Once the PM and National Security Minister believed themselves to be a safe distance from Jack's aircraft, both lapped up Donna Cox's revelations on Jack's embryonic flying squad. But then Cox went one step further and used Jack's bad idea to justify an even worse one: the PNM blimp. And just like every other time in the past 20 years of PNM versus UNC politics, Cox ignored the fact that the country finds itself dealing with insurmountable crime and social decay made worse by the PNM's failure to deal with the root causes between 2002 and 2010 and before that.
Of course heightened crime and corruption were reasons the PNM was booted out in 2010, and the People's Partnership put in. But the replacement of the PNM by the People's Partnership does not reduce the complicity of the PNM in the crisis either created or perpetuated during the party's periods in Government. Even as Cox and other PNM MPs and supporters go about their jobs of criticising the People's Partnership Government, they could also drop the sanctimonious attitude which got the country into the deep end in the first place. If the People's Partnership failure to do any better than the PNM upsets the country, then the PNM's refusal to acknowledge its horrible performance on crime is aggravating. And this is why Ewatski's flying squad revelation has led us to see the greatest danger to the country on this crime issue. The country witnesses the continued absence of cohesion, coherence and strategy in fighting crime after 20 years of UNC and PNM political extempore. To start with Cox, Ewatski and Gibbs have inadvertently exposed the country to the reality that either there is no anti-crime plan or if there is one, the leadership of the Police Service is not aware of it.

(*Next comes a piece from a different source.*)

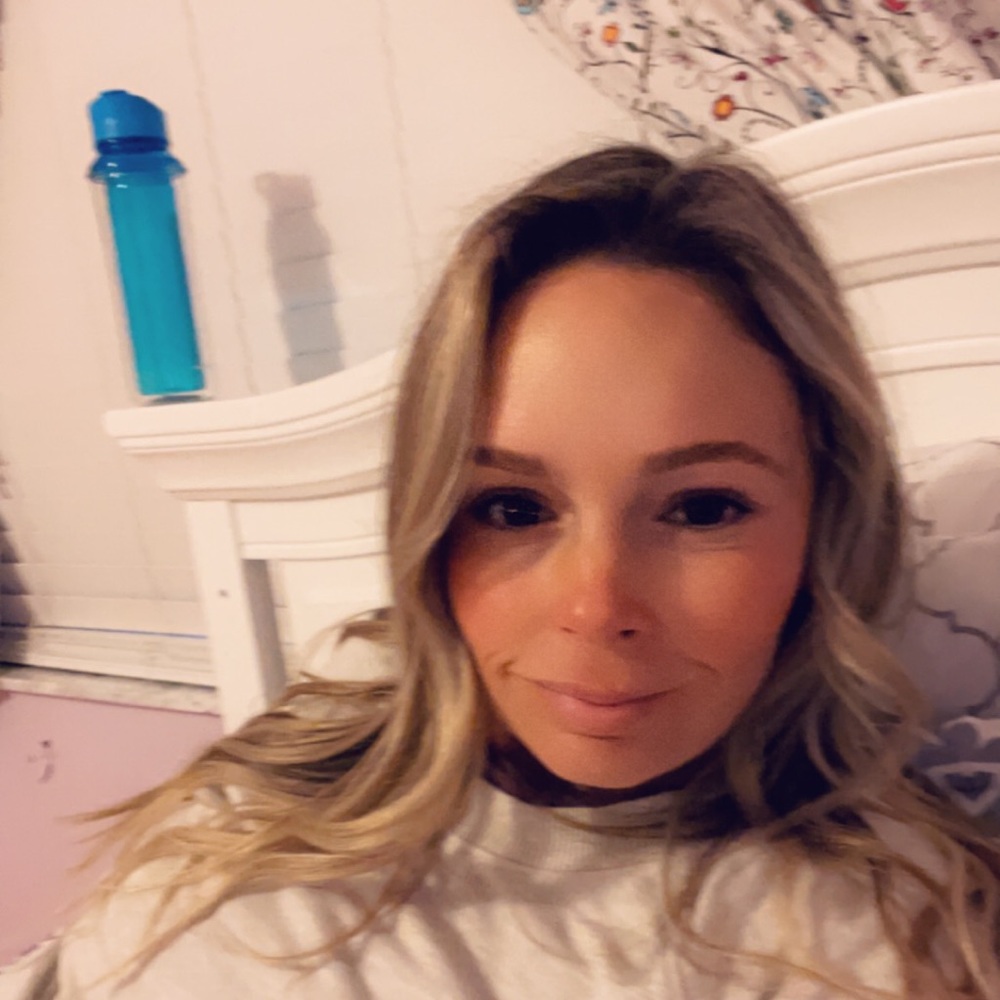 Meet your Posher, Mel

The Ministry of National Security has said that the ministry should have been told of the police aircraft plans, because the ministry may itself be working on a similar arrangement. The question is if the ministry's plans for national security are not informed in a large measure by the leadership of the police service, then who is providing the vision, expertise and strategy to the ministry?

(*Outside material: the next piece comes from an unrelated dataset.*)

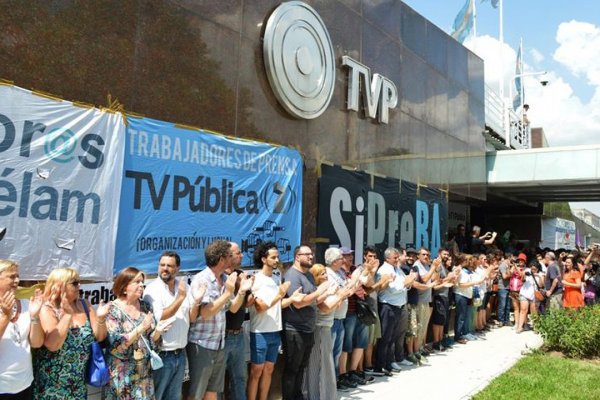 Trabajadores de la TV Pública irrumpieron al aire al grito de 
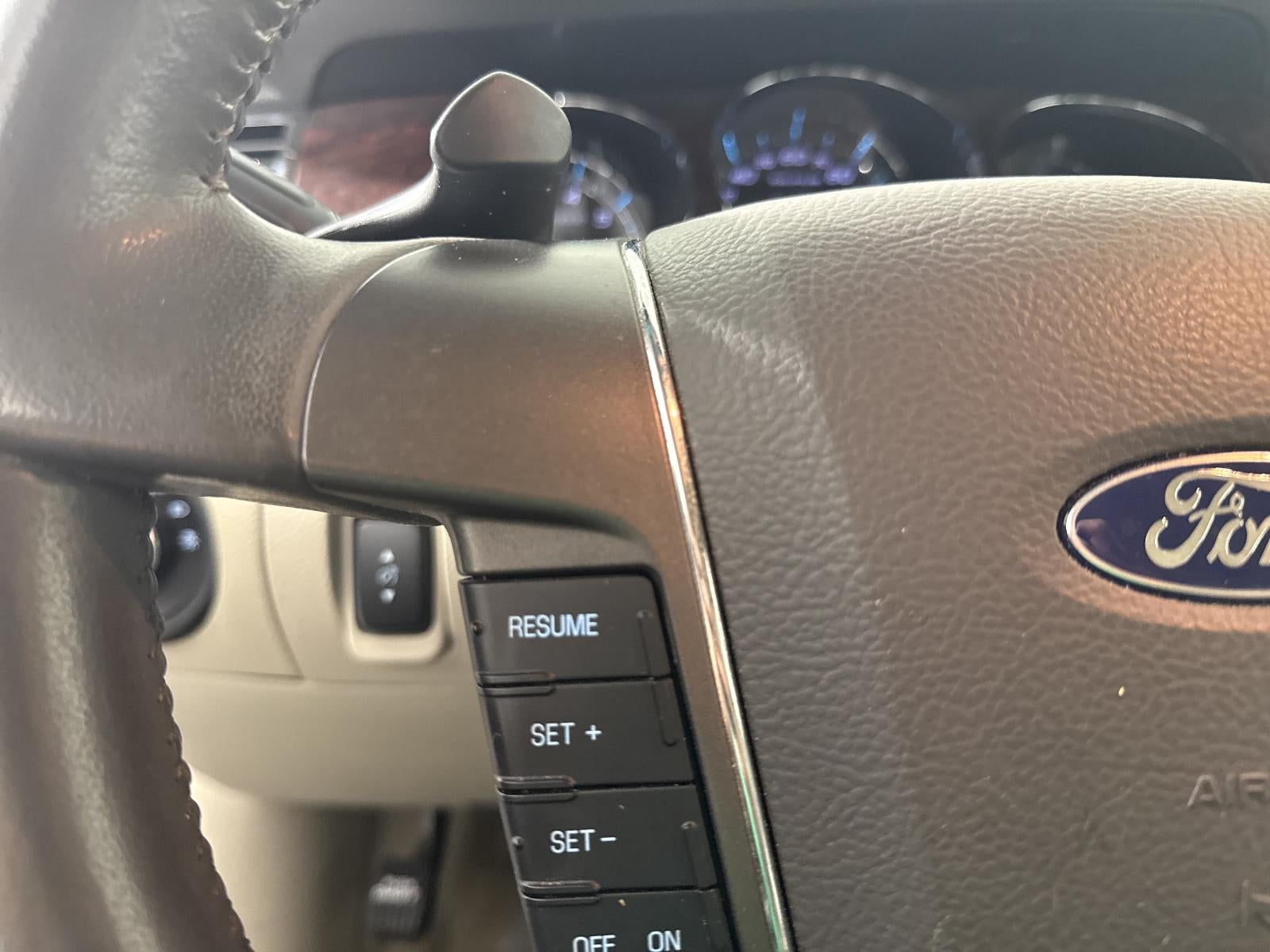 2011 Ford Taurus SEL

Is it the AG, the Minister of Justice, the Minister of Legal Affairs, the Police Complaints Authority, the Police Service Commission, the Selwyn Ryan Committee, the Director of Public Prosecutions, the National Security Council, the National Security Adviser, the gang leaders or the big fish? If there is an anti-crime plan and Gibbs and Ewatski are not part of it, then it confirms that between a series of ministers and advisers, bureaucrats and technocrats, a failed State of Emergency and an alleged assassination plot, national security is fragmented, disconnected, inconsistent and uncertain.

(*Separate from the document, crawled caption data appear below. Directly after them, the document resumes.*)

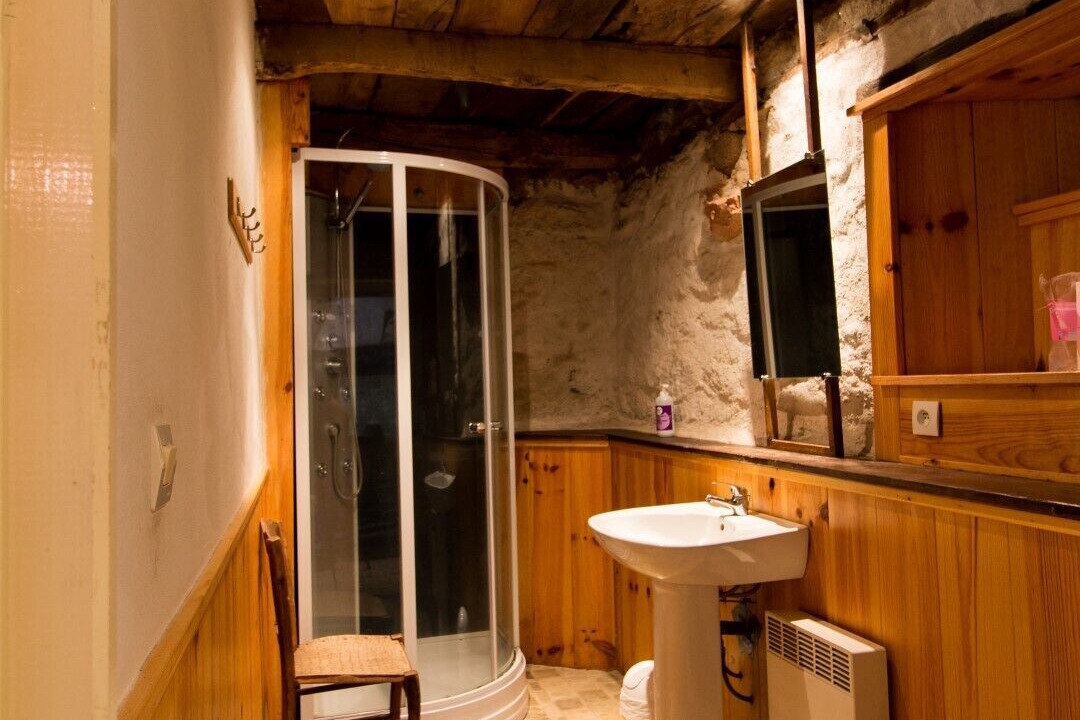Photo of Bathroom in Hautefage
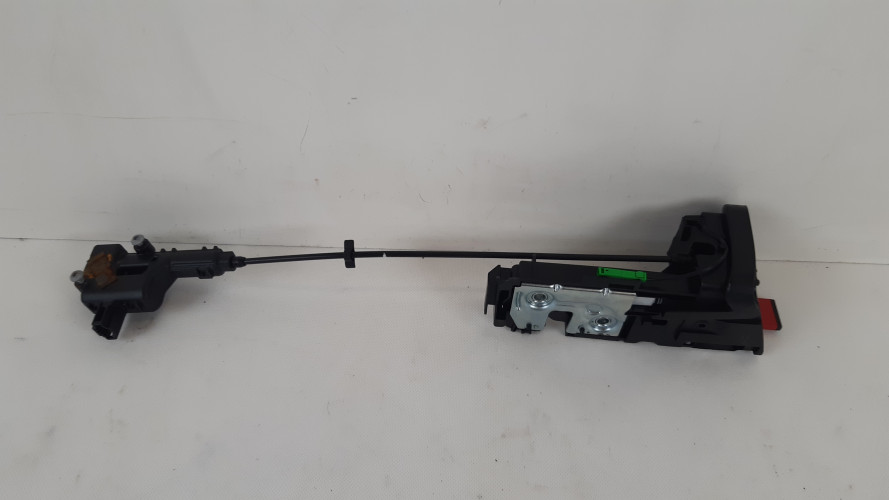 VOLVO XC40 ZAMEK KANAPY LEWY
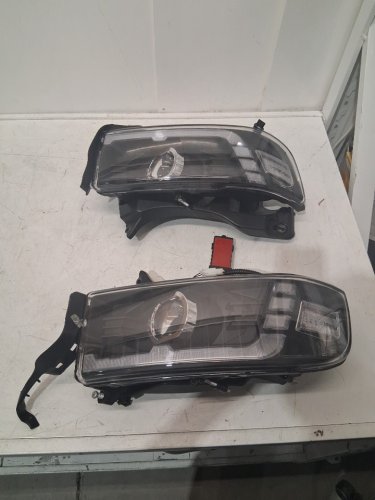 Telpo 500% Brighter LED Projector High/low Beam headlights with Sequential turn signal and housing - For 1994 to 2001 Dodge Ram 1500 and 1994 to 2002 Dodge Ram 2500 3500 - Black image 3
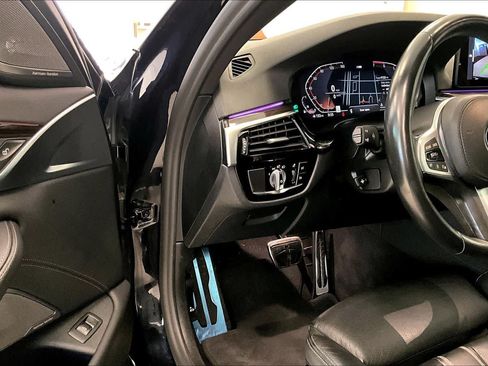 Used 2021 BMW 530i w/ M Sport Package RWD image 29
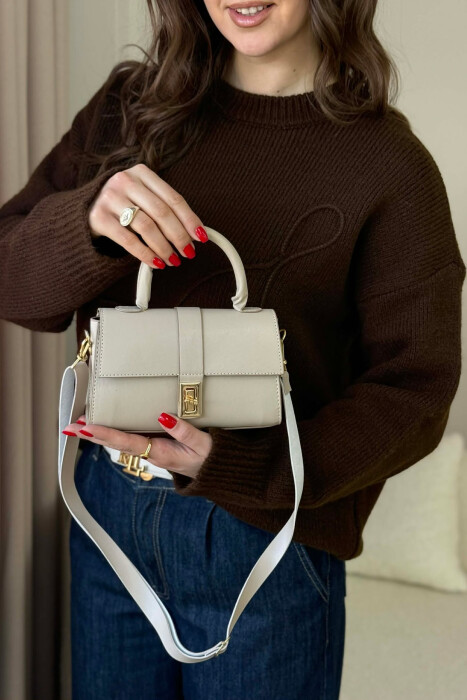 ÇANTE LEKURE E THJESHTE PER FEMRA NE NGJYRE BEZHE - 1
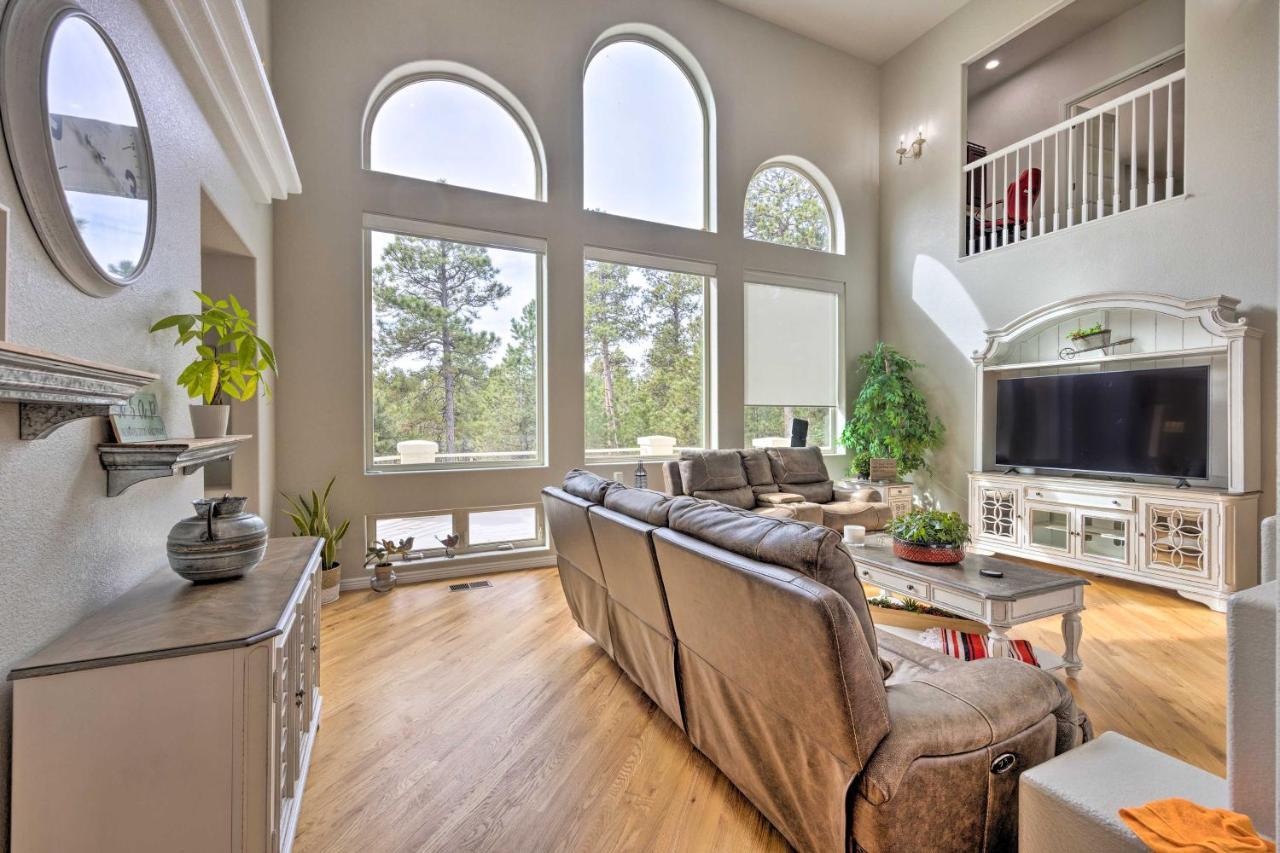 Estate With Indoor Pool And Decks About 25 Mi To Dtwn Holiday home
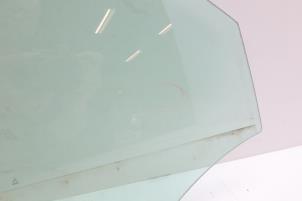 Begagnade Dörrfönster, 4-dörrars, höger fram Mercedes A Limousine (177.1) 1.3 A-250 e Turbo 16V Pris € 75,00 Marginaltabell erbjuds av Auto Demontage Elferink B.V.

And divided amongst too many bureaucrats and politicians, no anti-crime plan can emerge amidst a perpetual political kowtow to drug lords, crime bosses and political financiers.
The PNM government in which Cox was the Minister in the Ministry of National Security was fully aware of the heavy crime in the country. In a previous column I pointed out that when the PNM replaced the UNC in Government in 2002, the party continued the UNC's optimism, promises, spending and rhetoric. And as the spending increased on national security and social programmes, the killing and brutality also increased. Murders doubled in three years from 2000 to 2003 when the PNM introduced the first of its political funds to fight crime and in 2003 the PNM Government spent $2,649.9 million, approximately 13.2 per cent of the national budget, on social programmes.
In a previous column I also pointed out that the country is now spending over $13 million a day on national security and maybe just as much on social programmes. After more than a decade of heavy spending under both the PNM and the UNC, one out of every five dollars earned by the country goes into the fight against crime and social decay, with very little to show.
And MP Cox's sanctimonious attitude is not new. Eight months into the People's Partnership current turn in government, Cox's high regard for the PNM approach to crime-fighting was evident when she made her contribution to the January 2011 debate on the Firearms Amendment Bill. Cox urged the People's Partnership Government to "continue many of the PNM government programmes that started under our administration, not only in the Ministry of National Security but in many other ministries". Cox also lamented the fact that even after the People's Partnership eight months in office "we keep hearing that there is a reduction in crime, but we are not seeing it. We are tired of the talk, also. We want to see results."
If ever a head had been buried someplace, it was Donna Cox's: the PNM had been in office for the eight years preceding the People's Partnership eight months.
What the latest national security debate tells us is that on one hand Jack Ewatski's conduct points to bureaucratic fragmentation which hinders progress on an anti-crime plan. But on the other hand it also reminds us that for 20 years we have played political musical chairs with the PNM and UNC and inevitably the politicians on both sides will eventually sound like Cox. Donna, that is.